Blog Gastbeiträge

Pipi und Kaka – mit Kindern unterwegs in Schweden

17. August 2017

„Was? Ihr kommt heute schon?“
Mit diesem Satz war unsere Urlaubsfreude erstmal im Keller… Durch ein Missverständnis zwischen unserem Ferienhausvermieter in Schweden und uns, überschnitt sich unser Aufenthalt mit dem Vormieter um einen Tag.

Kurz überlegt haben wir unsere Fähre um einen Tag verschoben und eine Nacht in der Jugendherberge Prora verlängert…. Puuhhh, zum Glück ging das alles reibungslos. 

Also genossen wir erstmal zwei Tage an der Ostsee bevor wir nach Schweden übersetzten. Wir haben uns für einen Zwischenstopp auf Rügen entschieden, da unser Kleinster noch keine zwei Jahre alt ist und wir ihm die lange Fahrt nicht in einem Stück zumuten wollten. Es gefiel uns sehr gut in der Jugendherberge….nette Mitarbeiter, super Frühstück und die Zimmer waren auch in Ordnung. Wir hatten sogar eins mit Meerblick. Der einzige kleine Wehrmutstropfen war das nervige beziehen der Doppelstockbetten. Was man aber in Kauf nehmen muss, wenn man in einer Jugendherberge übernachtet.


Da die Morgensonne uns schon um 5:30 Uhr weckte, waren wir den Tag über ziemlich gerädert. Los ging es zur Fähre….

Die Überfahrt war etwas wackelig durch den starken Seegang. Aber alle verkrafteten es gut und niemand wurde seekrank. Wir vertrieben uns die 4 Stunden auf dem Schiff mit malen, essen und bummeln durch den Duty-Free-Shop. 

In Trelleborg angekommen erwartete uns strömender Regen…aber egal….Hauptsache endlich in Schweden. Nochmal 3 Stunden Autofahrt lagen vor uns….dann waren wir endlich da. An unserem, wunderschönen kleinen Häuschen mitten im Wald.
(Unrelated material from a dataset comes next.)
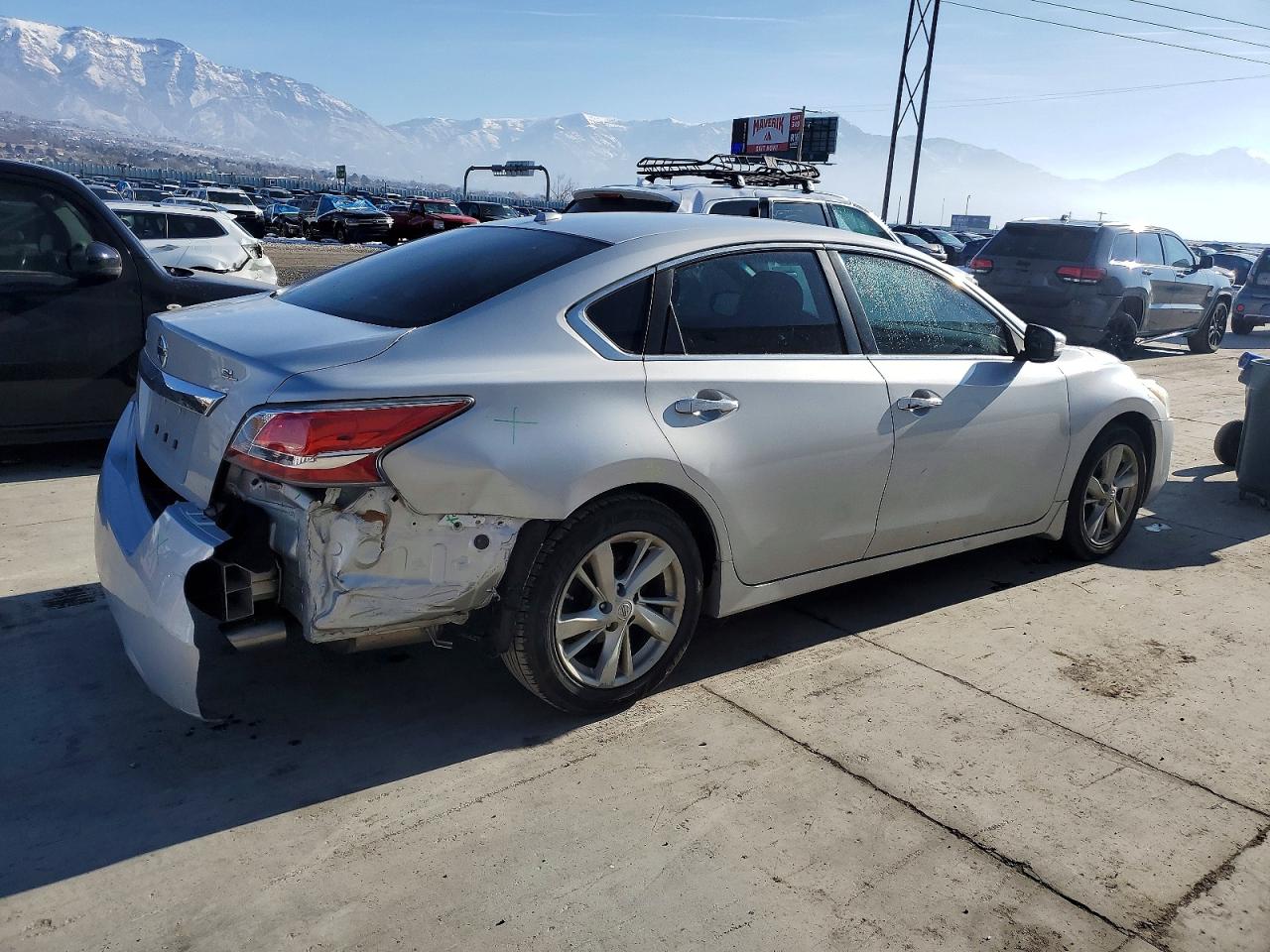 2015 Nissan Altima 2.5 Silver vin: 1N4AL3AP6FN914425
Alle sind todmüde ins Bett gefallen, selbst der Kleinste schlief sofort und sogar ohne Nuckel (der irgendwo verkramt im Auto lag).
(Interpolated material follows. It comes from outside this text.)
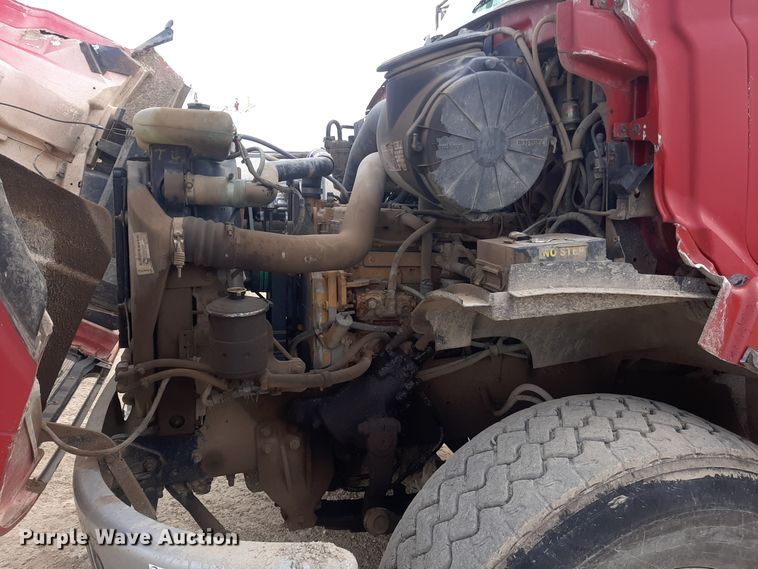 image for item LX9971 2000 Sterling L9500 dump truck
Den nächsten Tag verbrachten wir mit auspacken und einkaufen. Natürlich landete viel zu viel im Einkaufswagen, da jeder irgendwas schwedisches, was es bei uns nicht gibt, probieren wollte.
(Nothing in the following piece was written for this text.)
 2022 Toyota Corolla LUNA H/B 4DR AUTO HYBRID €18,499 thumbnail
Schon zu Hause hatten wir uns Gedanken gemacht, was wir uns in Småland alles anschauen wollen. Auf jeden Fall „ Astrid Lindgrens värld“ wollten die Mädels. Dort ist eine Art Freizeitpark mit Nachbauten der Villa Kunterbunt, der Mattisburg, dem Katthult-Hof und noch vieles mehr. Unser Jüngster wollte Elche sehen, also planten wir einen Besuch im Elchpark.

Ich wollte gern in einen National Park und mein Mann hätte gern einen schwedischen Baumarkt von innen gesehen und das Ikea Museum besucht….

Puuuhhh…ganz schön viel. Eigentlich wollten wir uns entspannen und die Ruhe genießen…also strichen wir National Park und Baumarkt erstmal von der Liste.

Bei Pippi und Co. war es sehr schön und wer die Astrid Lindgren Geschichten mag, kommt voll auf seine Kosten. Wir amüsierten uns über das Wort „Kaka“, was Kuchen heißt, und lachten über das Wortspiel Pippi und Kaka.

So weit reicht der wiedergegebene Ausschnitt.